COMICS: Damsels in distress

A teenager gets monkey-pawed in Avril-branded manga, and a French mummy gets wrapped up in The Professor’s Daughter

J. Caleb Mozzocco


Avril Lavigne's Make 5 Wishes Vol. 1


Del Rey Manga

I honestly have a hard time imagining how this particular graphic novel even came to be. Artist Camilla D'Errico's concept sketches included in the back of the volume seem to indicate that she was working on a story called "Iku and Oni" at some point, using these character designs and basic concepts. The story she tells along with scripter Joshua Dysart seems like it could have been told perfectly well without Lavigne's involvement.

And what exactly is Lavigne's involvement? Well, the credits bill her as "starring" in the book, and she writes the introduction and ... that seems to be about it. (When Tokyopop published Courtney Love-related manga Princess Ai, Love at least got credit for co-creating the character).

So the cynical reading is that they just kinda slapped her name on the thing to boost sales, a move that worked, as Del Rey issued a press release saying the first printing sold out within four days, forcing them to go back to press for a second printing.

But it's hard to stay cynical about a book this charming for too long.

Lavigne actually only co-stars. The real star is troubled high-schooler Hana, a friendless, lonely, unnoticed girl who amuses herself by pretending to be different people online and striking up friendships with people she knows in real life but never speaks to, listening to Lavigne's music in her headphones to drown out the sound of her parents fighting and talking to Lavigne, a sort of imaginary friend who also acts like her conscience.

When Hana stumbles upon website make5wishes.com, she places an order and receives an adorable but scary little red demon—which looks like a combination between Disney's Stitch and a Chinese lion—in a box, and it promises to grant her five wishes. It does so, but monkey's paw-style.
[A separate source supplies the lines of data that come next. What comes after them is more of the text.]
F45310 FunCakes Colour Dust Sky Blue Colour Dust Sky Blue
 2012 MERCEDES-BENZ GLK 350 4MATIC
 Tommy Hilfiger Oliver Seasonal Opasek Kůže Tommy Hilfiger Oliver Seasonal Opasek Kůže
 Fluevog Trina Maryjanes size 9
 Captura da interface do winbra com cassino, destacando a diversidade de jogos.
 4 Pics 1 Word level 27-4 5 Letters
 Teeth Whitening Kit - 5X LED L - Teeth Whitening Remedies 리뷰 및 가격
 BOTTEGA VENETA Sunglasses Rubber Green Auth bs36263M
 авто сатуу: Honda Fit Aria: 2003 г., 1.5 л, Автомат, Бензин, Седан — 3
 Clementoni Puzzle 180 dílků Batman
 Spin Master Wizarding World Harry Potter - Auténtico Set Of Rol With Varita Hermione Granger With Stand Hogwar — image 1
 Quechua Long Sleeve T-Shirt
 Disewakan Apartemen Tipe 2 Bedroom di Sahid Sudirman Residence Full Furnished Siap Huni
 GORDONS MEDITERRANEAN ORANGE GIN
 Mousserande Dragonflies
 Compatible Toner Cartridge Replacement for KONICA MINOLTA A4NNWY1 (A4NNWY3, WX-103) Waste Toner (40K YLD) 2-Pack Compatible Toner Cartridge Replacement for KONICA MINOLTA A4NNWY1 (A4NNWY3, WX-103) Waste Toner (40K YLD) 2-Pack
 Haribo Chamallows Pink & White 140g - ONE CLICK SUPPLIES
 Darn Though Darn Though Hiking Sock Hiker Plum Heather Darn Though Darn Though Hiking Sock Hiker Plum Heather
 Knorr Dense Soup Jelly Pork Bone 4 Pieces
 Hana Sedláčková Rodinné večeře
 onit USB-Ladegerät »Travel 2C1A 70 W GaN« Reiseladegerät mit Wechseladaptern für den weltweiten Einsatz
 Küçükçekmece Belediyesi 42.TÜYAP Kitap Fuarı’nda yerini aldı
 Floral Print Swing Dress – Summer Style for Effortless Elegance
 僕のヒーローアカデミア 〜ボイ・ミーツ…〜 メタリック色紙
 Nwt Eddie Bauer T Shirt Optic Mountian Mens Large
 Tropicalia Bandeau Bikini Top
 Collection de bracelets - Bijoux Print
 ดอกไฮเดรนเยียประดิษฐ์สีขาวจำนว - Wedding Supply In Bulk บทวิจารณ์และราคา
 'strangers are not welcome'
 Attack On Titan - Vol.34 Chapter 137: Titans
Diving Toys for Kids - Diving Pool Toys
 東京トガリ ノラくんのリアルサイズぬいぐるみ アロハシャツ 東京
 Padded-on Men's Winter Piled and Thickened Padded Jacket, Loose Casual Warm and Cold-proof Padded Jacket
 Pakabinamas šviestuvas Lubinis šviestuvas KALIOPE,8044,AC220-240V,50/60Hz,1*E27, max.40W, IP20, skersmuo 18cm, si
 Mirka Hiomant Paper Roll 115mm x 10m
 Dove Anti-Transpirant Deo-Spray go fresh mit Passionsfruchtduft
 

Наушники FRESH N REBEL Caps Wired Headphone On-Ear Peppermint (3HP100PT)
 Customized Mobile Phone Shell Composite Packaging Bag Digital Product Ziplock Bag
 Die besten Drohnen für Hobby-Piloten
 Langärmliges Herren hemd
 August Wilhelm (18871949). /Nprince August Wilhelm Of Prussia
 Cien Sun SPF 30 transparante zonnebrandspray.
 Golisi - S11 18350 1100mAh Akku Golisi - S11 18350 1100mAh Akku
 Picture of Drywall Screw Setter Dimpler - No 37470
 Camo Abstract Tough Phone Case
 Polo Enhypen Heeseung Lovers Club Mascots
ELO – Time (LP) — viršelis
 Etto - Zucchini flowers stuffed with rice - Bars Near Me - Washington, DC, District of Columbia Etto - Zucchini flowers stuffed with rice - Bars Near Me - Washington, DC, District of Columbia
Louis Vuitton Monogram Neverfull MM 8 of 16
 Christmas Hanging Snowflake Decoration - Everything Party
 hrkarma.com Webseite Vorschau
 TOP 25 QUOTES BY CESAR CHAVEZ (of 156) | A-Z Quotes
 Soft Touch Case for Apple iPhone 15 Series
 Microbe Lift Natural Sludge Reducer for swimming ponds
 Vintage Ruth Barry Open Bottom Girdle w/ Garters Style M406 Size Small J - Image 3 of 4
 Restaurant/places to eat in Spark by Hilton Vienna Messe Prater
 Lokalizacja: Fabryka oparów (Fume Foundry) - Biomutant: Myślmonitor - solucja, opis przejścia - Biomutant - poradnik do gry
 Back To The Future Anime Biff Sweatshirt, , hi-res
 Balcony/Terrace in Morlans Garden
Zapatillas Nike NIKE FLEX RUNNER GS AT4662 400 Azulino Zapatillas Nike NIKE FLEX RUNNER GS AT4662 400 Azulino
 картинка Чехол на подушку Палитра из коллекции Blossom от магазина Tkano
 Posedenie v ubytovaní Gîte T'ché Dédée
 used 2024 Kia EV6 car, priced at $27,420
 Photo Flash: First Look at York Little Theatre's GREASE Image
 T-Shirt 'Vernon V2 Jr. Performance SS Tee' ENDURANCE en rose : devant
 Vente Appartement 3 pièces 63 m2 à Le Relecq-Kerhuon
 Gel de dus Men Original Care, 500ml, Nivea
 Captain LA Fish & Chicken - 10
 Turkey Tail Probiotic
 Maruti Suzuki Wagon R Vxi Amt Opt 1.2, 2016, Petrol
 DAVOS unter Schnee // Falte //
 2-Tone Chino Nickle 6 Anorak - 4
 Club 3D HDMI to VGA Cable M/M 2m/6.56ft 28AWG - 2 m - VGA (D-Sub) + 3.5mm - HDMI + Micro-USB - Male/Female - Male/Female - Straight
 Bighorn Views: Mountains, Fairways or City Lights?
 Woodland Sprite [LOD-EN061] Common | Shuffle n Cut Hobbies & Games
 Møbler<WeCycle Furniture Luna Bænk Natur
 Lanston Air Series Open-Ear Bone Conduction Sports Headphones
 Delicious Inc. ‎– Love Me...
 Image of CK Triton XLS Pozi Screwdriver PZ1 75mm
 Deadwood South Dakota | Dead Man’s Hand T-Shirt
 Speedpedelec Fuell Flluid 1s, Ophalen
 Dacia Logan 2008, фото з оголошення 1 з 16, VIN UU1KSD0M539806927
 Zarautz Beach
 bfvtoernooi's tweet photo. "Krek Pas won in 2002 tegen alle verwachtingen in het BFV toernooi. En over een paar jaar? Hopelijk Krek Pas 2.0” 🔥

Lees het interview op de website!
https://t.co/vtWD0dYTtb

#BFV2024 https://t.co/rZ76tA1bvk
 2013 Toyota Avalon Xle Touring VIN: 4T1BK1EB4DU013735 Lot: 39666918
While the titular pop star's presence will likely scare away some regular comics readers (though far fewer readers than it will attract), if you take Lavigne out of the equation completely, it's still a beautifully constructed book, with D'Errico's rough, manga-inspired pencils colored without any ink laid on top of them. There's also a pretty interesting story about the redemptive power of pop music in here as well, if you're willing to look for it. Even pop music that comes courtesy of the singer who gave us "Sk8er Boi."


The Professor's Daughter


First Second

If you thought women were second-class citizens in Victorian society, just imagine the plight of the poor, bandage-wrapped pharaohs archaeologists like Professor Bowells were digging up in Egypt and bringing back to England. Technically, a mummy is an antiquity, and therefore belongs to the country of the person who found it. In Imhotep III's case, he belongs to Bowells and England, despite the fact that he's so well-preserved that he can still walk and talk 3,000 years after having been entombed.

Imhotep's plight is the focus of the very first collaboration of French comics greats Joann Sfar and Emmanuel Guibert, the team responsible for Sardine in Outer Space, and First Second has just had it translated and published in the U.S. Here the pair switch creative duties, with Sardine artist Sfar scripting this delightful little romantic adventure comedy, and Sardine writer Guibert illustrating it all in a delicate watercolors.

It's an incredibly fast-moving adventure—the whole thing's just over 60 pages—which includes Imhotep courting the professor's daughter, a dramatic murder trial, a daring escape from the Tower of London and Queen Victoria being thrown into the Thames.

Sfar and Guibert play with the gender (and international) politics of the day, as well as the concept of ownership when applied to human beings (be they a mummy or a daughter), but that's all they do, play. There's no grand political statements made here—it's just a nice, fun romance between an Egyptian mummy and an upper-class English young woman.